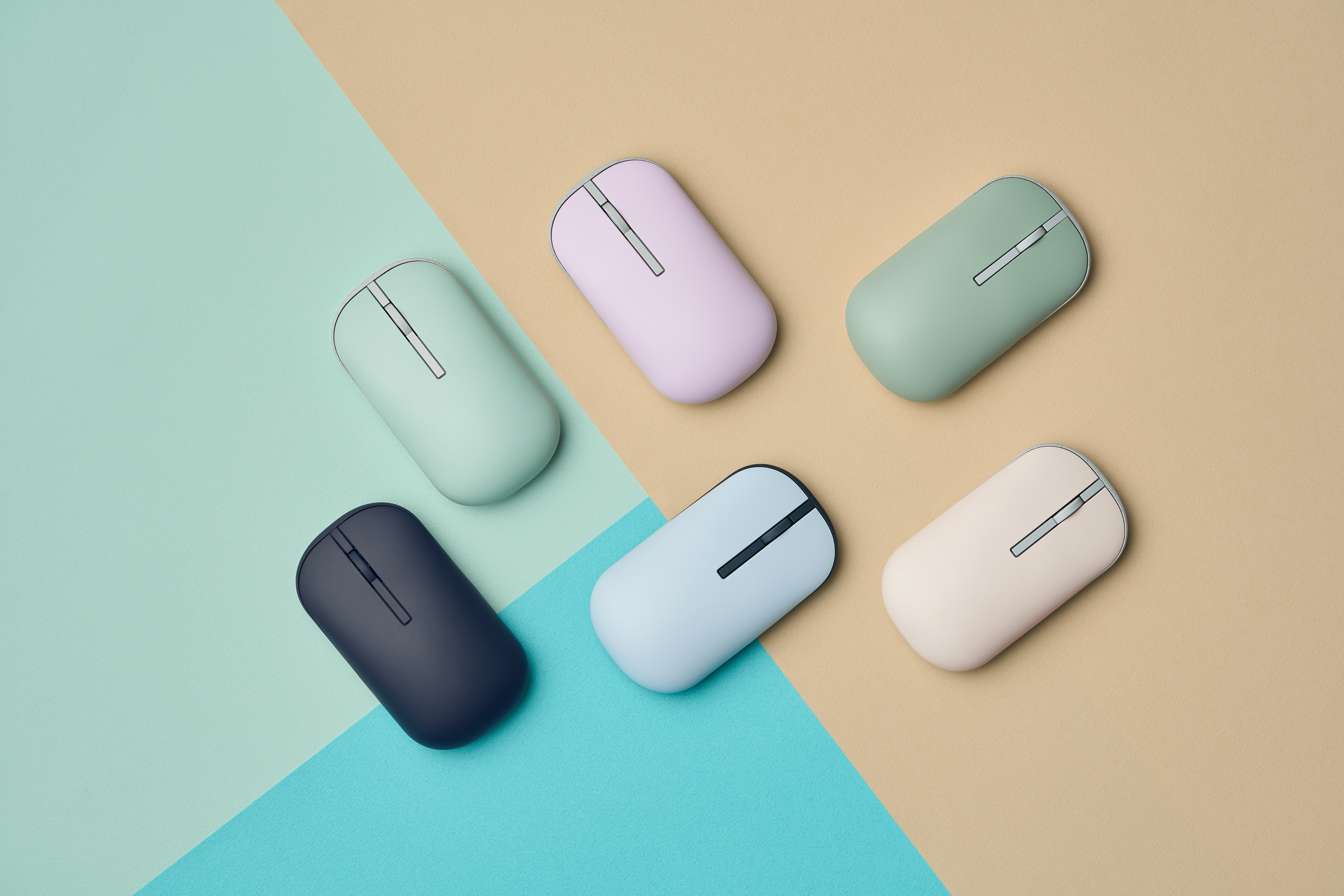 ASUS MD100 - Maus - rechts- und linkshändig - optisch - kabellos - 2.4 GHz, Bluetooth 5.0 LE, Ansicht 2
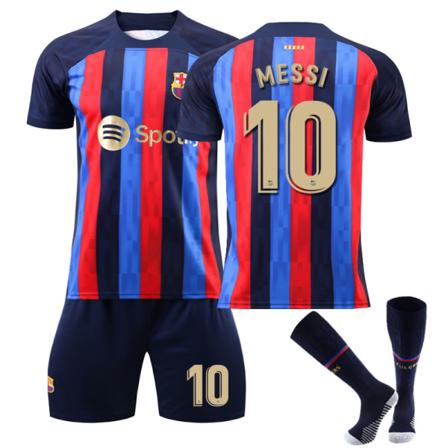 IC Barcelona hjemmefodboldtrøje til børn nr. 10 Messi zV 24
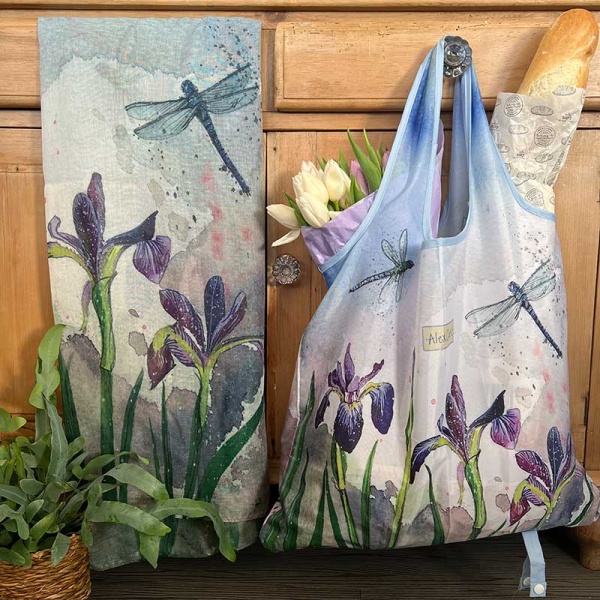 Alex Clark Opvouwbare Tas - Dragonflies - Afbeelding 2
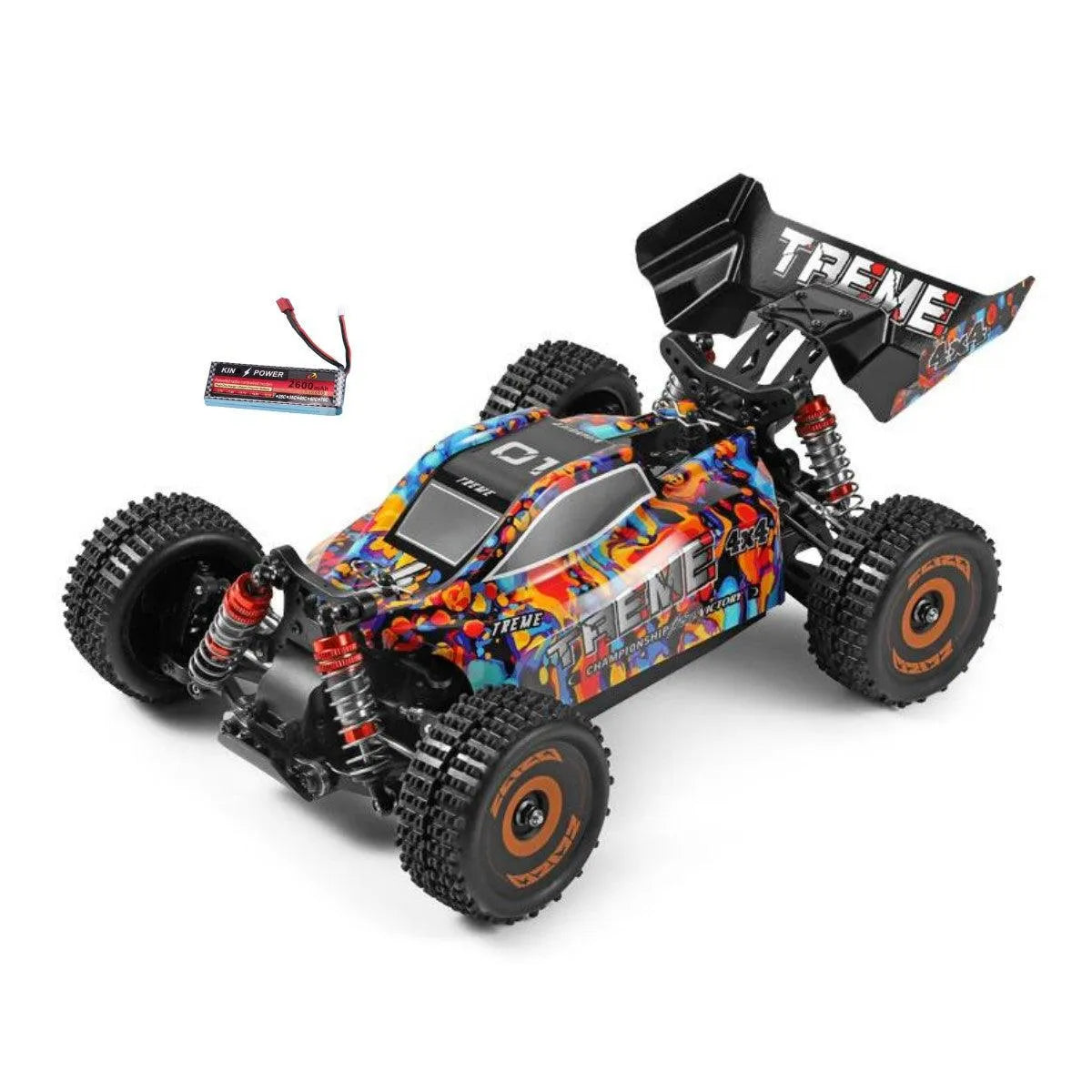 WLtoys 184016 75km/h High Speed Electric 4WD 2.4G Brushless RC Racing Car - Off Road Drifting Remote Control Vehicle for Adults & Kids | Ideal for Backyard Racing, Trail Adventures & RC Car Competitions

Requirement
Skipping all images, print the data above a second time exactly.

Your response
 ASUS MD100 - Maus - rechts- und linkshändig - optisch - kabellos - 2.4 GHz, Bluetooth 5.0 LE, Ansicht 2
 IC Barcelona hjemmefodboldtrøje til børn nr. 10 Messi zV 24
 Alex Clark Opvouwbare Tas - Dragonflies - Afbeelding 2
 WLtoys 184016 75km/h High Speed Electric 4WD 2.4G Brushless RC Racing Car - Off Road Drifting Remote Control Vehicle for Adults & Kids | Ideal for Backyard Racing, Trail Adventures & RC Car Competitions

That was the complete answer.